** Material for the task follows **

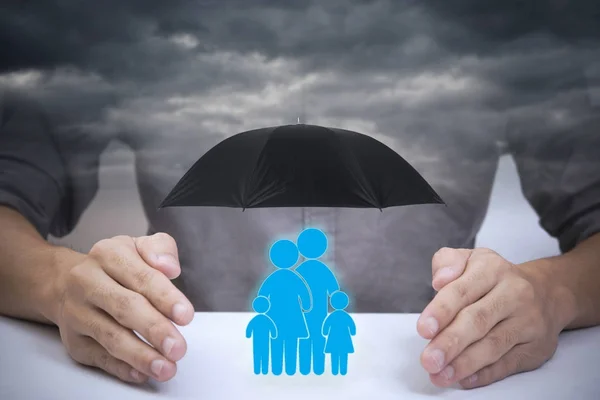 Business salesman agent hand holding family icon — Stock Photo, Image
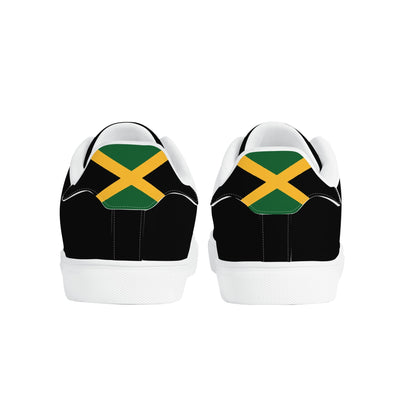All-black Jamaica flag Ackee Walkers low top sneakers with black laces, black outsole and a green and gold Jamaican flag chevron at the heel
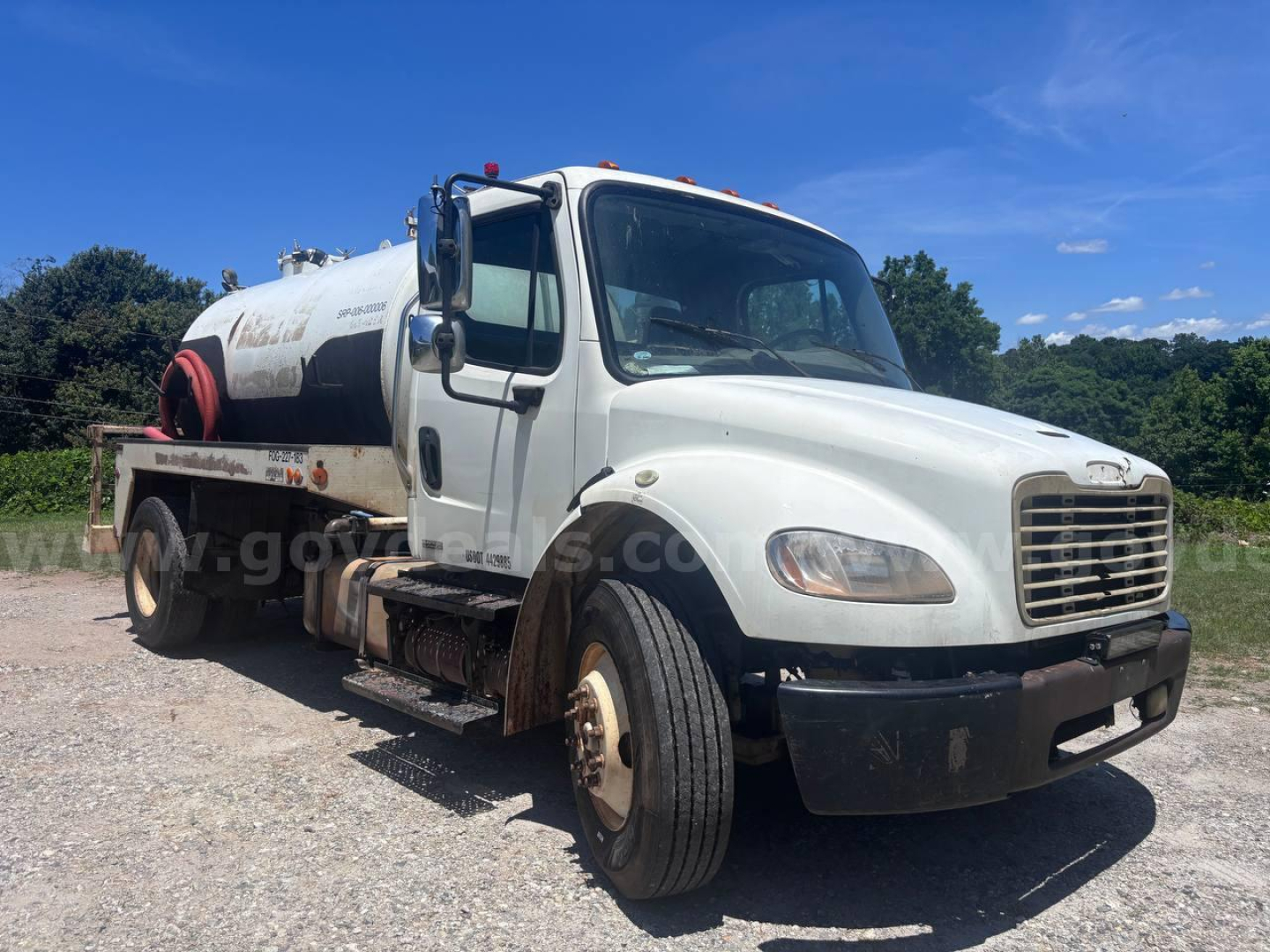 Vacuum truck cab and tank chassis showing Freightliner M2 106 with white cab and mounted cylindrical tank on a dual rear wheel chassis, VIN 1FVACWDT7CHBP3241 visible on listing page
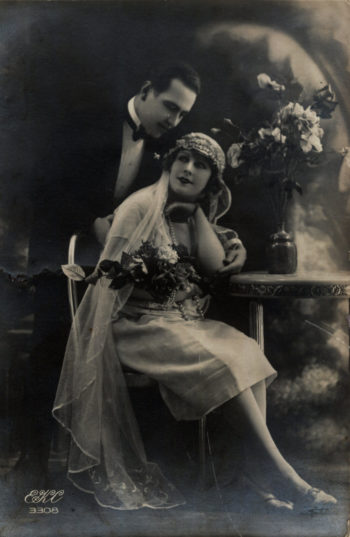 Fotografia ślubna, panna młoda siedząca oparta o stół i pochylający się nad nią pan młody.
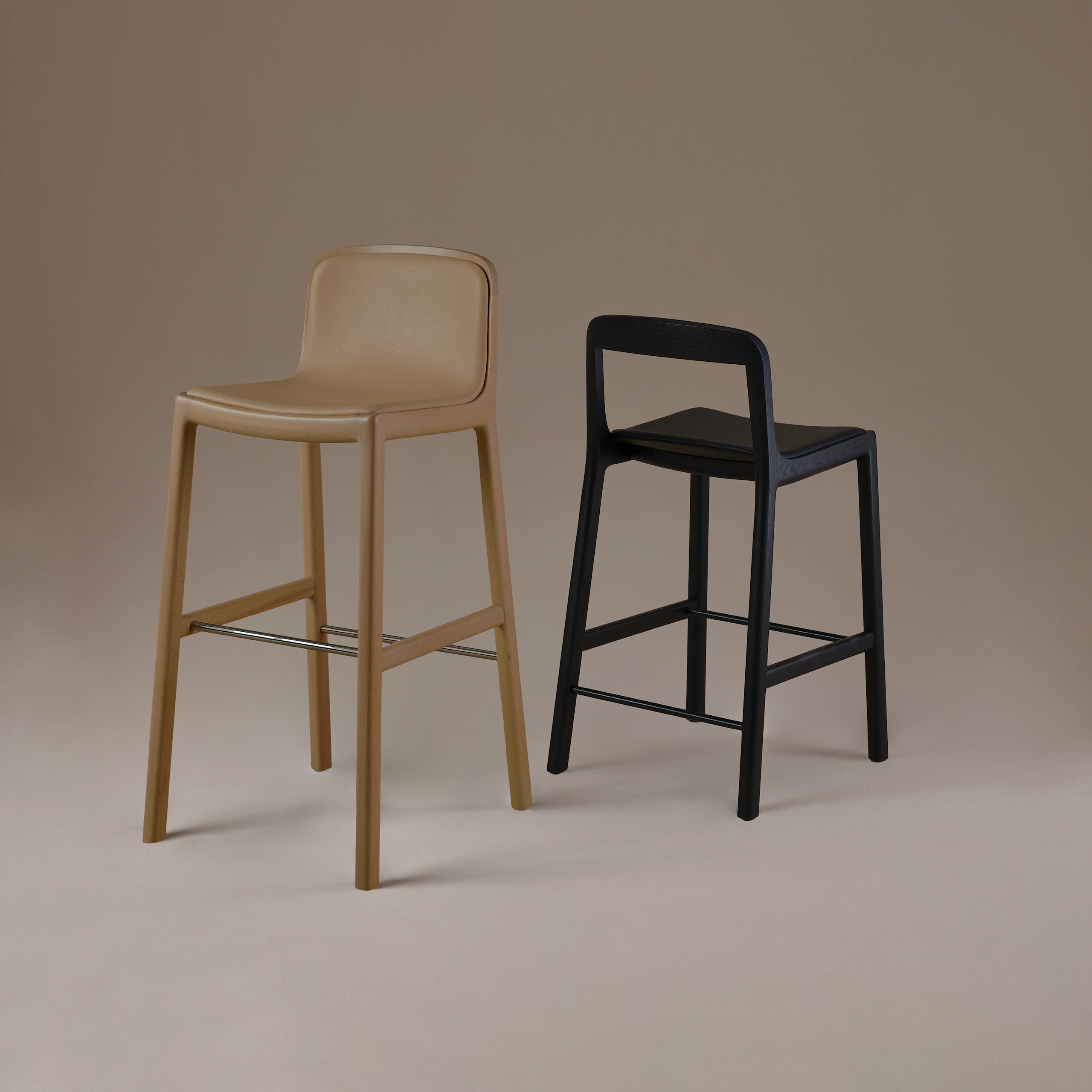 Lijn Stools by Carole Baijings for Geiger in Light Beech and Ebonized Oak on a neutral background.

** End of Material for the task **

▶ _Exercise directions_: The whole listing above must be returned exactly as written, with no pictures carried over.

▶ _Result for this task_:
 Business salesman agent hand holding family icon — Stock Photo, Image
All-black Jamaica flag Ackee Walkers low top sneakers with black laces, black outsole and a green and gold Jamaican flag chevron at the heel
 Vacuum truck cab and tank chassis showing Freightliner M2 106 with white cab and mounted cylindrical tank on a dual rear wheel chassis, VIN 1FVACWDT7CHBP3241 visible on listing page
 Fotografia ślubna, panna młoda siedząca oparta o stół i pochylający się nad nią pan młody.
 Lijn Stools by Carole Baijings for Geiger in Light Beech and Ebonized Oak on a neutral background.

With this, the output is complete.